◆ The problem: Copy down the listing below exactly. Do not include pictures.

◆ Recorded data:
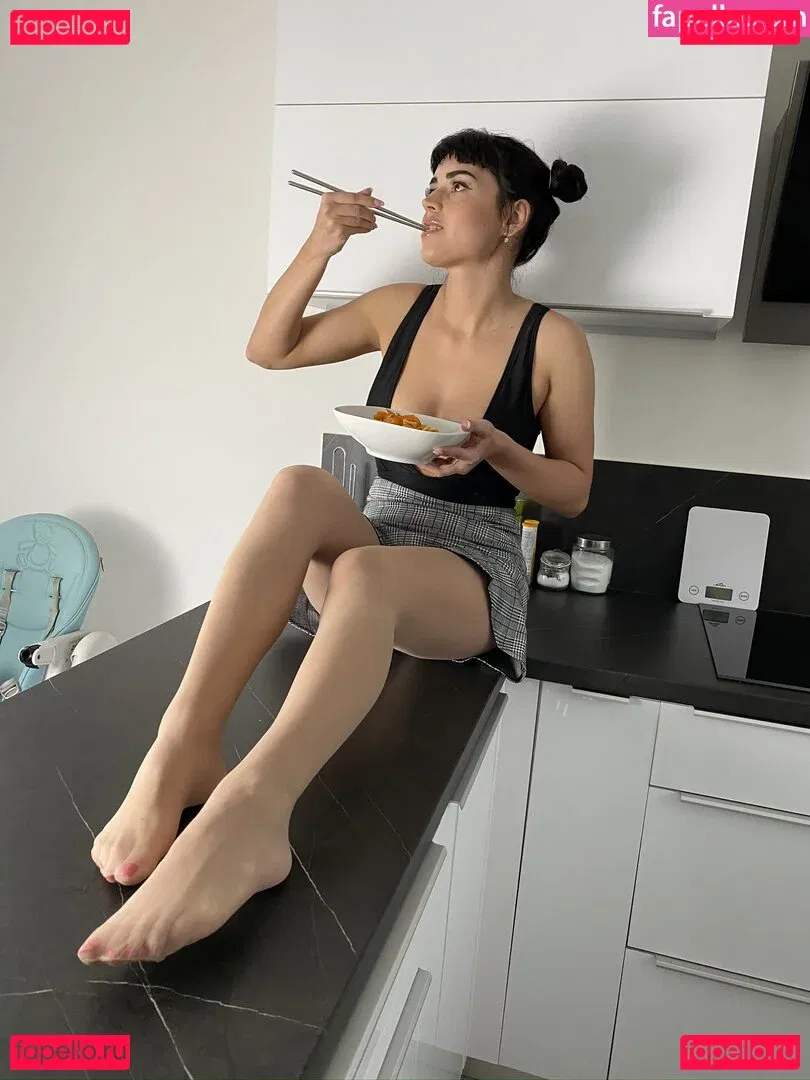 Monie Kulh Onlyfans Photo Gallery 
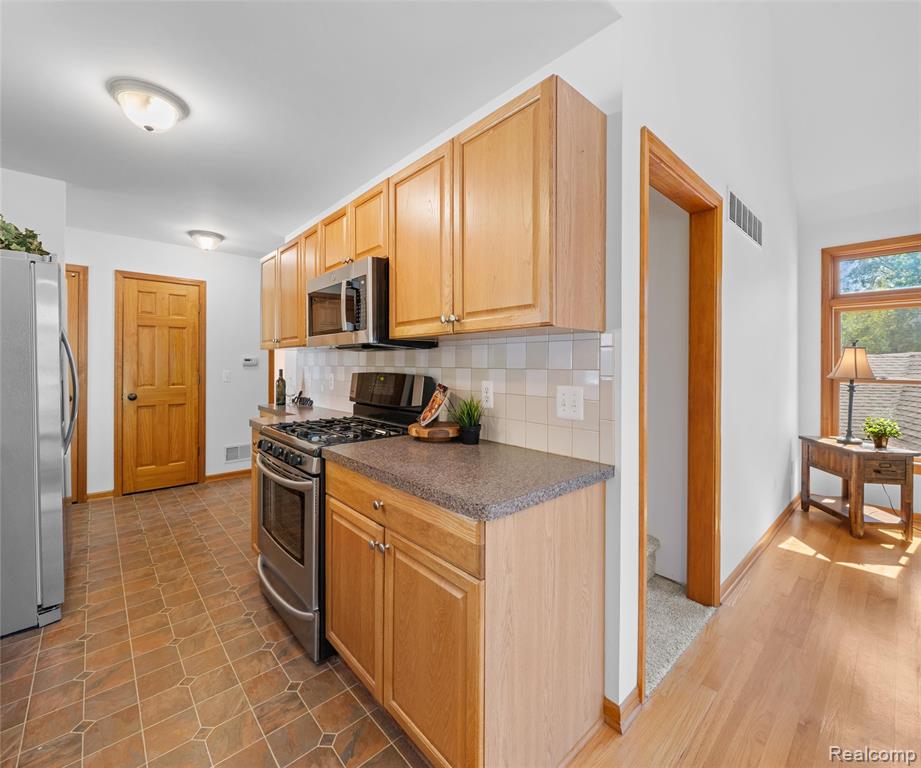 11252 Hiland Court, Pinckney, MI 48169 — Photo 27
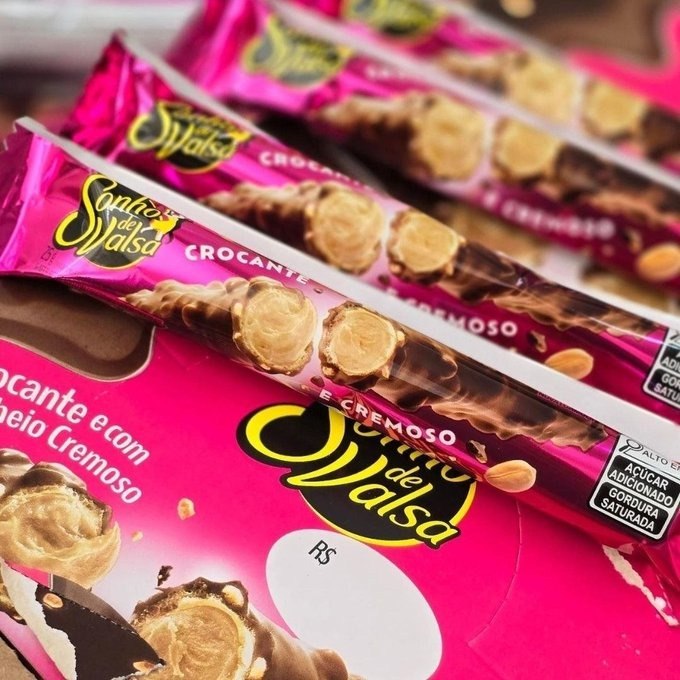 Stick Wafer Recheado Sonho de Valsa Sabor Chocolate - Display com 15 unidades de 25g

◆ Solution:
 Monie Kulh Onlyfans Photo Gallery 
 11252 Hiland Court, Pinckney, MI 48169 — Photo 27
 Stick Wafer Recheado Sonho de Valsa Sabor Chocolate - Display com 15 unidades de 25g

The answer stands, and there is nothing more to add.